Inside of the [instrument] me who had changed into a doll, the [real] me, who was locked up, clamoured insignificantly.
The [instrument] that was hiding my surrounding said that [it’s weird to have that kind of emotion], trying to deny the emotion and will that the [real] me possessed.
It’s agonizing. I feel nauseated.
However, with this doll’s body, I couldn’t even breathe, let alone cry.

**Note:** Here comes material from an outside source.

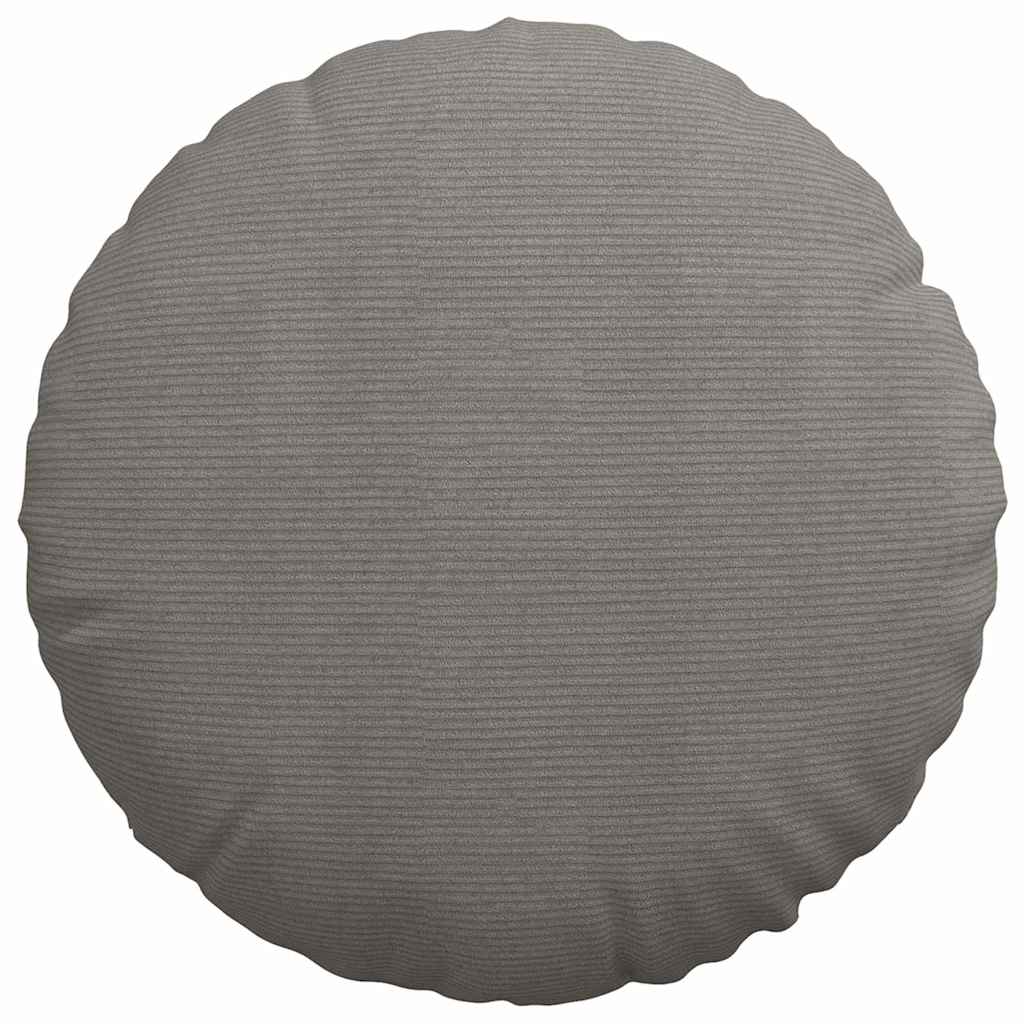 vidaXL Sitzkissen 2 pcs Hellgrau Ø 80 cm Cordstoff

Even if I had to destroy everything, I thought to break this instrument and leave this unpleasant world.
However, the calm part of myself whispered.
“If you leave this place with this chaotic state of mind, what are you going to do if your real self’s state of mind is affected?”
“If things turn out like that, in the worst case, the [emotion] that you’ve finally able to gain… you might lose [Bertia] for real, you know?”
The moment I thought of that, I felt that the imaginary horror that this space gave couldn’t be compared with the horror of that possibility.
That possibility is the one thing I absolutely could not accept.
“Your Highness Cecil!!”
The moment I thought that the scene changed once more as my surroundings were wrapped up in the light for the umpteenth time, the sweet voice of a woman barged into my ears.
A bright and a pure smile.
I felt the illusion that everything became brighter with her just being there.
Like light incessantly rained down only around her.
I was fascinated by it.
The warmth began to return in my chest once more.
The fingers that had reached out on their own began to return to those of a human’s from that of the doll’s.
[This is wrong.]
The real me who was inside the doll complained with an unconcealed anger.
The one who was at the tip of my extended fingers was Baroness Heronia.
She isn’t my precious fiancée.
My fiancée is…
[…Then, wouldn’t it be fine to just change your fiancée?]
That’s not it.
Despite knowing what the right answer was, there was a part of me that wanted to nod at the whispers made in my own voice.
This is a nightmare.
As long as the light spirit has used up all of its strength, I’d wake up from this dream and my rational thought would return.
However, this nightmare itself is way too unpleasant that it makes me want to cling to this immediate comfort in front of me.
Although that [comfort] is the opponent that forced this kind of asceticism onto me.
I bit my lips as I stared at Baroness Heronia who was smiling at me, and at myself gradually beginning to show a real human’s expression instead of than the fake smiles I’d made.
Despite feeling that my body, which had changed temporarily into a doll’s, returned to that of a human’s, I got irritated by the process even when I should be feeling relieved.
Contradiction. Contradiction. Contradiction.
I couldn’t maintain the consistency of the emotions inside of me.
At any rate, everything will cease to exist so long as I wake up from this dream, so why don’t I try to yield myself to the fake emotions that the light spirit is displaying without resisting?
It should be easier that way.
Such a thought suddenly crossed my mind.
After I thought about it, I decided that things would be easier that way without a doubt.
Also, if things will return as the way they were before in just a few minutes, then there’s no meaning in trying to resist it so hard.
It would just be a pointless effort.
The feeling of wanting to oppose and the feeling of wanting to stop resisting are clashing.
“I… like Your Highness Cecil. Even if I antagonize Bertia-sama, I can’t change how I feel.”
It’s a scene that resembled the eve of Halm Academy’s graduation ceremony.
Baroness Heronia sweetly murmured that to me after I’d felt anger at Bertia’s cruel actions towards Baroness Heronia and had decided to discard Bertia.
Inside my chest which had never felt any kind of emotion apart from [interest] or a faint [favoring], something ardent was accumulating inside… such was my delusion.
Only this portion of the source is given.